WHAT YOU WILL DO> All of the entries should be restated word for word, but without their pictures.

SUPPLIED MATERIAL>
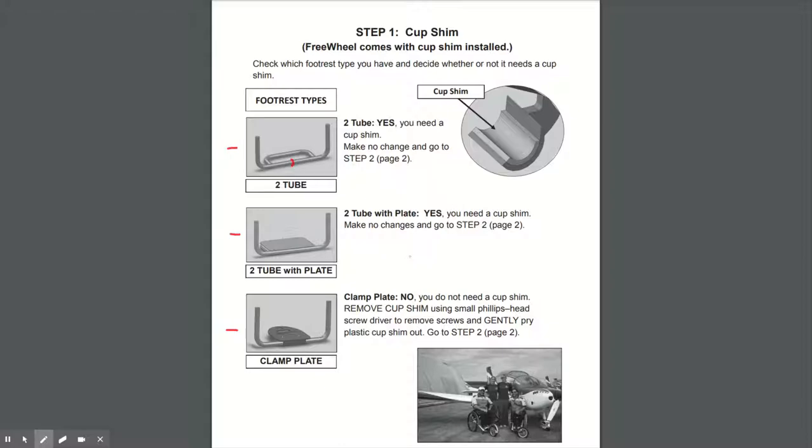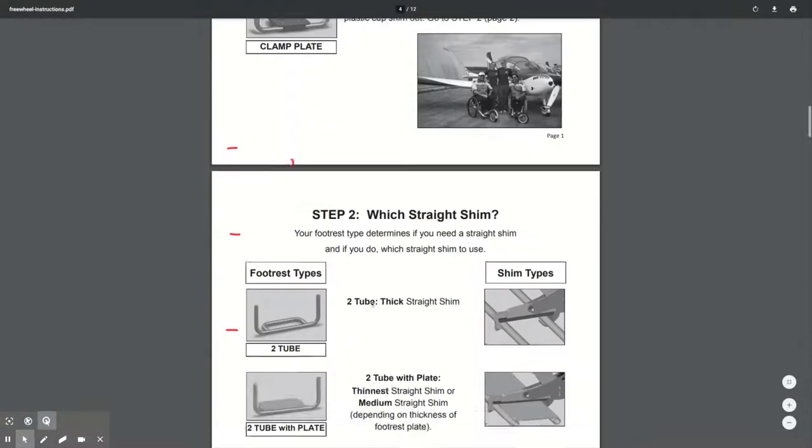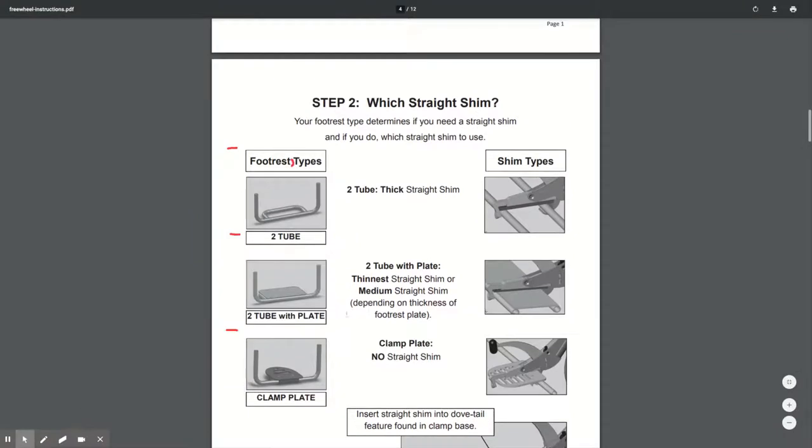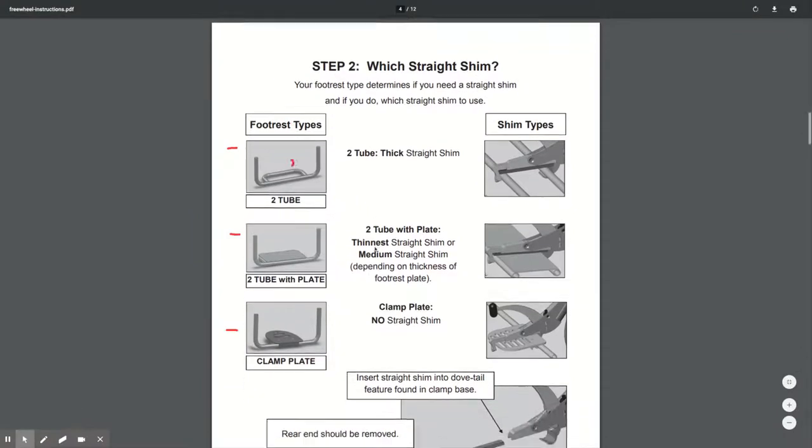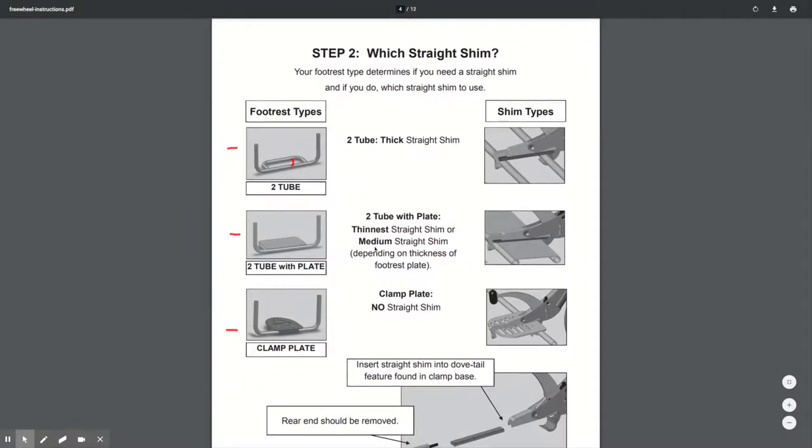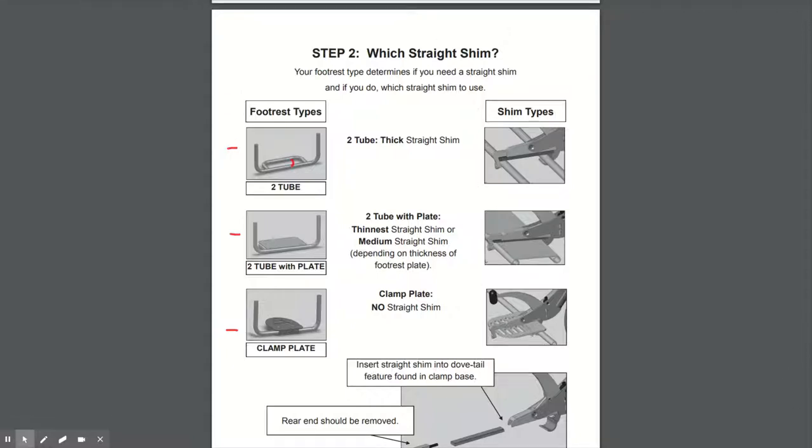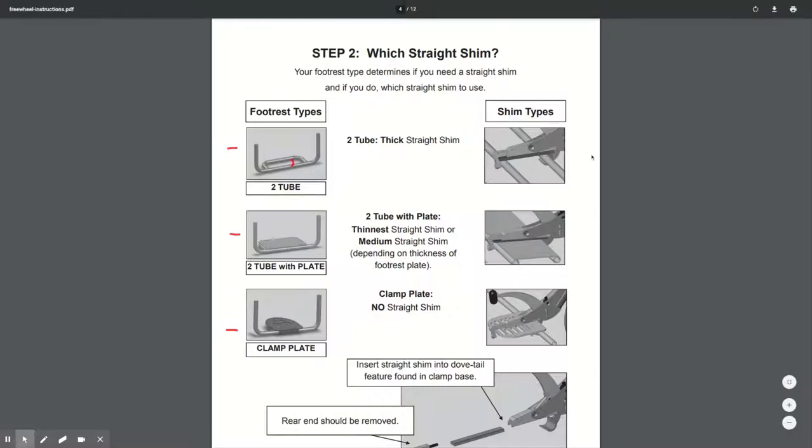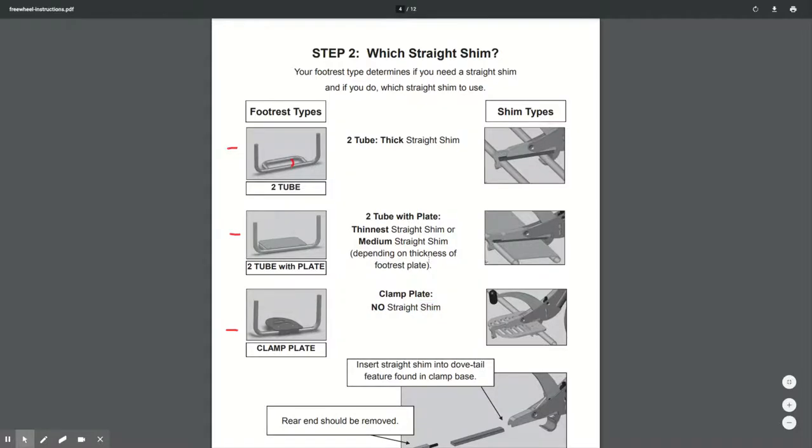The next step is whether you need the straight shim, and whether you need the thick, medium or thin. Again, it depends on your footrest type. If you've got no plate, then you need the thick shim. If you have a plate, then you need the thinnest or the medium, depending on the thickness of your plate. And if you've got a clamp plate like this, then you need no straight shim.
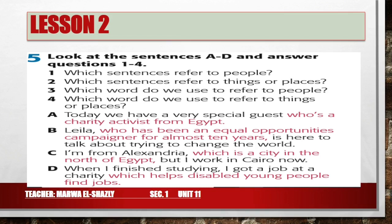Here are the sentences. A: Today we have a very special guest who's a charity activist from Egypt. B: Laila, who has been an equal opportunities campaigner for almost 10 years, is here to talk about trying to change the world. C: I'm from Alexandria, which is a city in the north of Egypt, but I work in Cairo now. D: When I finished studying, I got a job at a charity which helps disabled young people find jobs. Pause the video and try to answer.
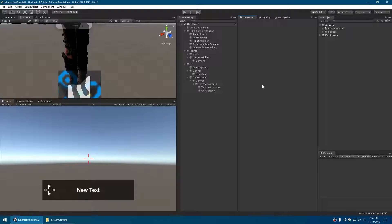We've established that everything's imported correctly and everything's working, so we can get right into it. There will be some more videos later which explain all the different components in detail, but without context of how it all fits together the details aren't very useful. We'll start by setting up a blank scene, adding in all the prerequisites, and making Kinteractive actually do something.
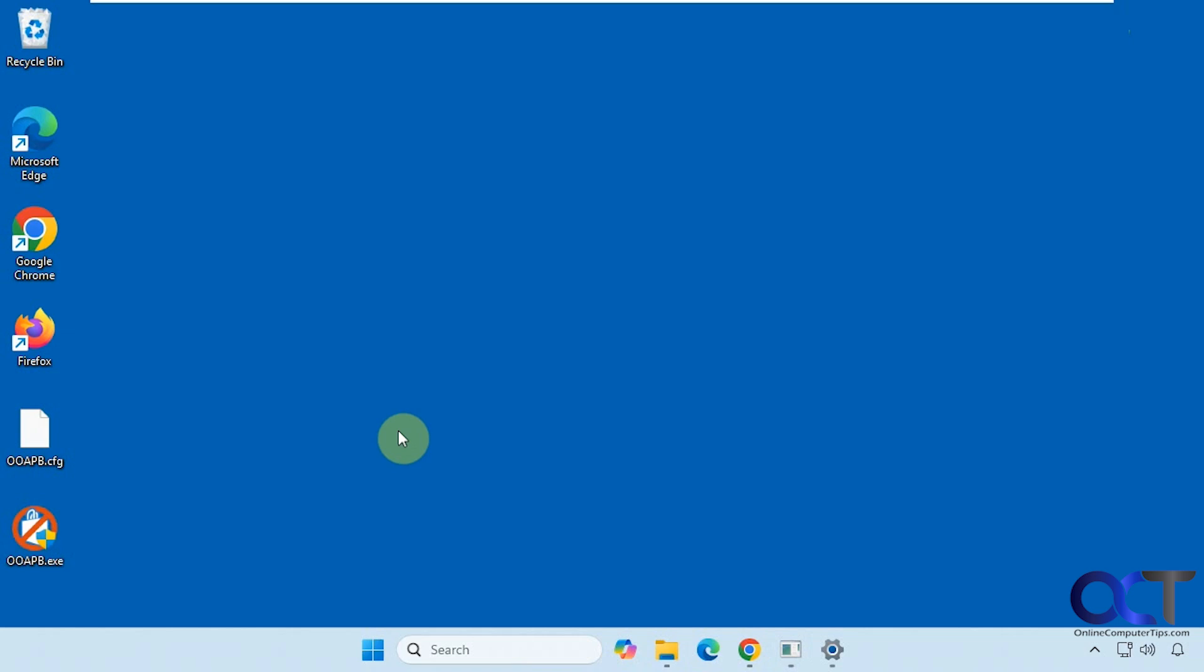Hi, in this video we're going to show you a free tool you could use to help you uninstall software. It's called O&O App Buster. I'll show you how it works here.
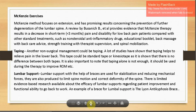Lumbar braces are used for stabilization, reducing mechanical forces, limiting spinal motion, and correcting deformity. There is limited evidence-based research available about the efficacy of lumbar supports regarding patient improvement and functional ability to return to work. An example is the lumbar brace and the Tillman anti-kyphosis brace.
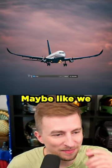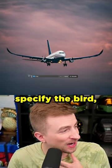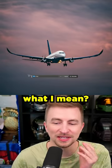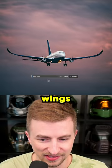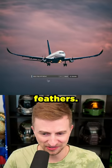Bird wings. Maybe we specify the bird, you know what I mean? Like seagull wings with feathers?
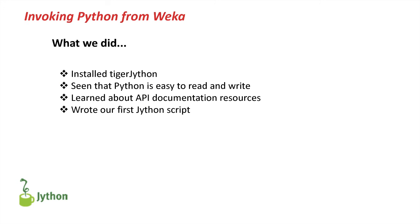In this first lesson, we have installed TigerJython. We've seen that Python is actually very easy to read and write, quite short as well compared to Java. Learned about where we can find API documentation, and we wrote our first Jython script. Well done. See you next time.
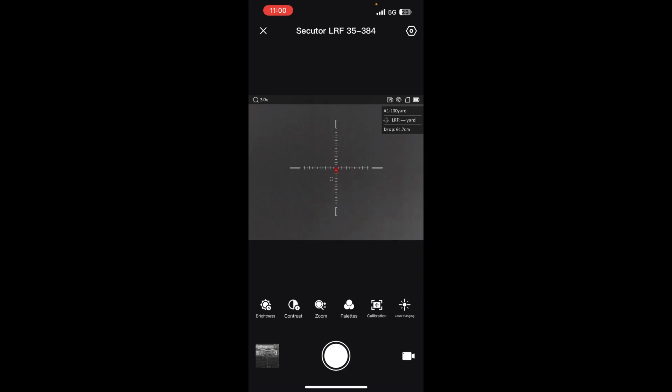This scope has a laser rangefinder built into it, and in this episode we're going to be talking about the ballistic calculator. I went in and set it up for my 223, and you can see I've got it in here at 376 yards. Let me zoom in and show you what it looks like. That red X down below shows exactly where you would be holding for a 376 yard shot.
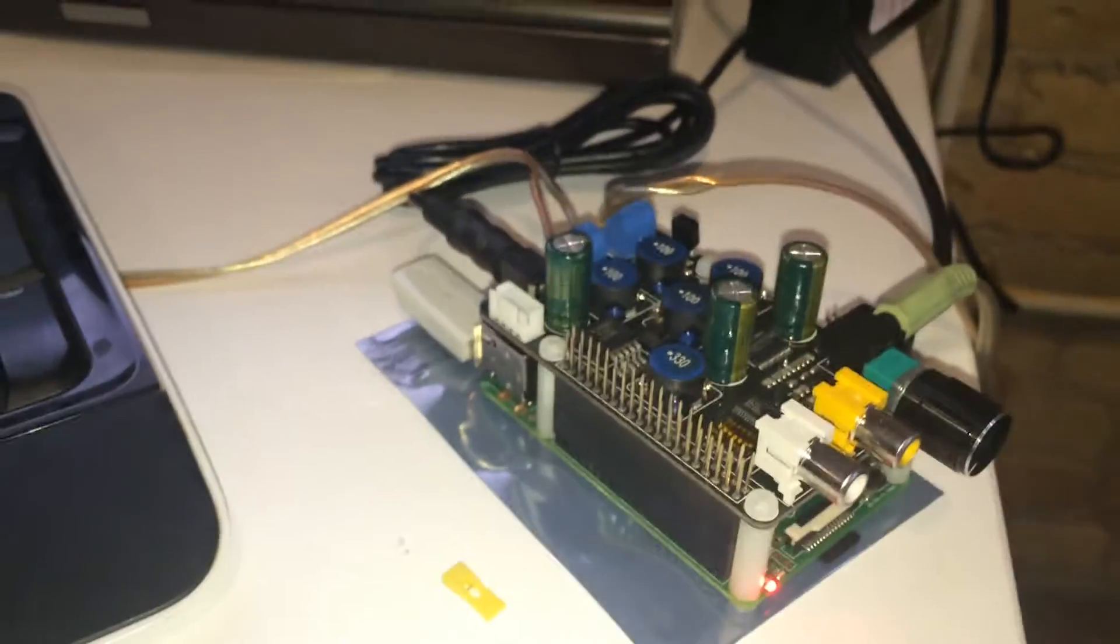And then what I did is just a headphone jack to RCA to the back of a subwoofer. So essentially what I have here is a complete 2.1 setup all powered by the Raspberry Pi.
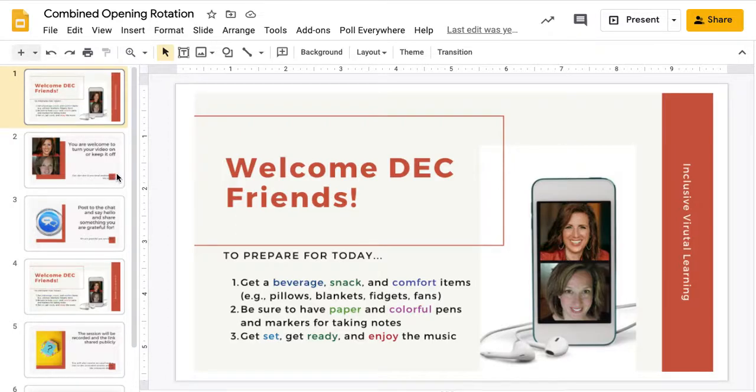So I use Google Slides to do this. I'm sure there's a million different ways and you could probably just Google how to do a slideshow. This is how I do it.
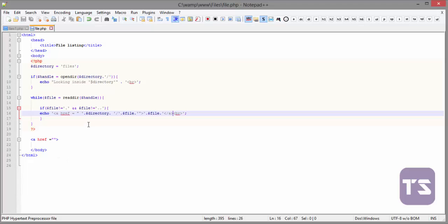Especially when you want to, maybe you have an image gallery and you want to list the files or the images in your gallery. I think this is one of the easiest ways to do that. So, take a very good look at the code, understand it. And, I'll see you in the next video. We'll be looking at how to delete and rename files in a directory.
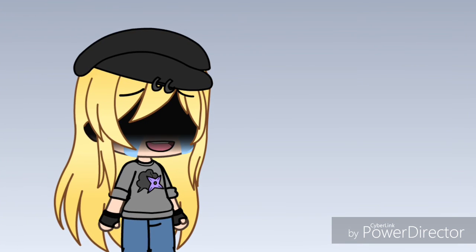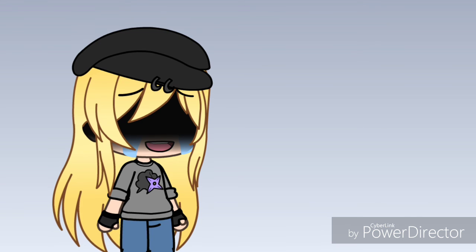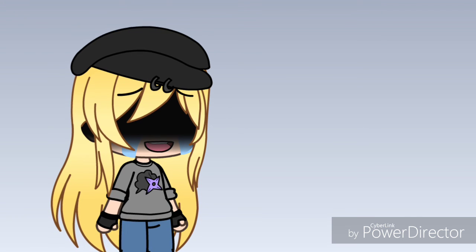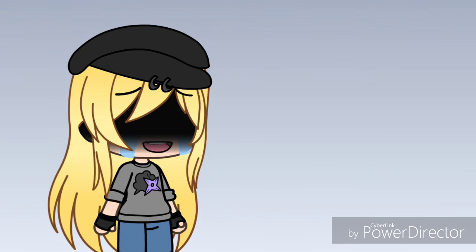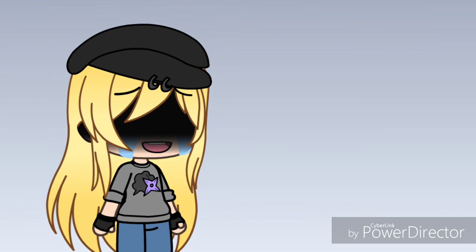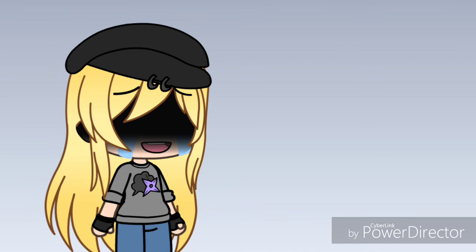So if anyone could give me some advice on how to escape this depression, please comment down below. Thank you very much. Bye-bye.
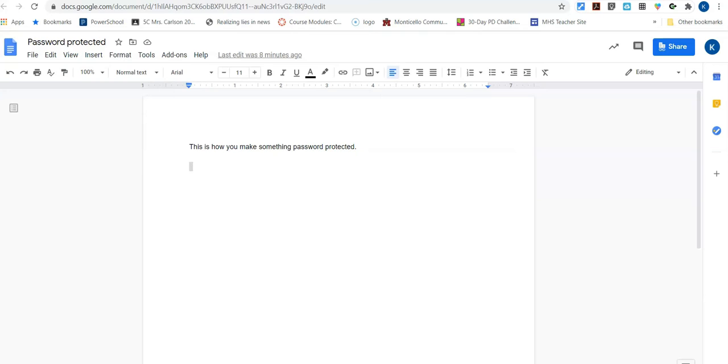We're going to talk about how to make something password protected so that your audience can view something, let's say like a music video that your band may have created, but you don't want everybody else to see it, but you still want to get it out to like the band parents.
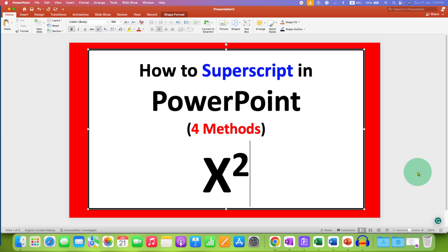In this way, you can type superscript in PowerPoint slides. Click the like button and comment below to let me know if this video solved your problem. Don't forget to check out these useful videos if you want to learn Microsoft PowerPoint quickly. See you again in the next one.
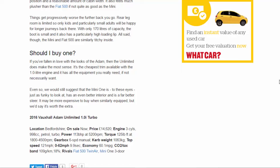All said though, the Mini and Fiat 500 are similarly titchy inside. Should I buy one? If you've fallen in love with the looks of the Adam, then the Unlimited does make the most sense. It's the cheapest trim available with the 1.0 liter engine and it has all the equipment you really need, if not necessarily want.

RESULT FOR THIS TASK>
The next step is whether you need the straight shim, and whether you need the thick, medium or thin. Again, it depends on your footrest type. If you've got no plate, then you need the thick shim. If you have a plate, then you need the thinnest or the medium, depending on the thickness of your plate. And if you've got a clamp plate like this, then you need no straight shim.
Here are the sentences. A: Today we have a very special guest who's a charity activist from Egypt. B: Laila, who has been an equal opportunities campaigner for almost 10 years, is here to talk about trying to change the world. C: I'm from Alexandria, which is a city in the north of Egypt, but I work in Cairo now. D: When I finished studying, I got a job at a charity which helps disabled young people find jobs. Pause the video and try to answer.
We've established that everything's imported correctly and everything's working, so we can get right into it. There will be some more videos later which explain all the different components in detail, but without context of how it all fits together the details aren't very useful. We'll start by setting up a blank scene, adding in all the prerequisites, and making Kinteractive actually do something.
Hi, in this video we're going to show you a free tool you could use to help you uninstall software. It's called O&O App Buster. I'll show you how it works here.
Lumbar braces are used for stabilization, reducing mechanical forces, limiting spinal motion, and correcting deformity. There is limited evidence-based research available about the efficacy of lumbar supports regarding patient improvement and functional ability to return to work. An example is the lumbar brace and the Tillman anti-kyphosis brace.
Bird wings. Maybe we specify the bird, you know what I mean? Like seagull wings with feathers?
In this first lesson, we have installed TigerJython. We've seen that Python is actually very easy to read and write, quite short as well compared to Java. Learned about where we can find API documentation, and we wrote our first Jython script. Well done. See you next time.
This scope has a laser rangefinder built into it, and in this episode we're going to be talking about the ballistic calculator. I went in and set it up for my 223, and you can see I've got it in here at 376 yards. Let me zoom in and show you what it looks like. That red X down below shows exactly where you would be holding for a 376 yard shot.
And then what I did is just a headphone jack to RCA to the back of a subwoofer. So essentially what I have here is a complete 2.1 setup all powered by the Raspberry Pi.
So I use Google Slides to do this. I'm sure there's a million different ways and you could probably just Google how to do a slideshow. This is how I do it.
Especially when you want to, maybe you have an image gallery and you want to list the files or the images in your gallery. I think this is one of the easiest ways to do that. So, take a very good look at the code, understand it. And, I'll see you in the next video. We'll be looking at how to delete and rename files in a directory.
So if anyone could give me some advice on how to escape this depression, please comment down below. Thank you very much. Bye-bye.
We're going to talk about how to make something password protected so that your audience can view something, let's say like a music video that your band may have created, but you don't want everybody else to see it, but you still want to get it out to like the band parents.
In this way, you can type superscript in PowerPoint slides. Click the like button and comment below to let me know if this video solved your problem. Don't forget to check out these useful videos if you want to learn Microsoft PowerPoint quickly. See you again in the next one.
All said though, the Mini and Fiat 500 are similarly titchy inside. Should I buy one? If you've fallen in love with the looks of the Adam, then the Unlimited does make the most sense. It's the cheapest trim available with the 1.0 liter engine and it has all the equipment you really need, if not necessarily want.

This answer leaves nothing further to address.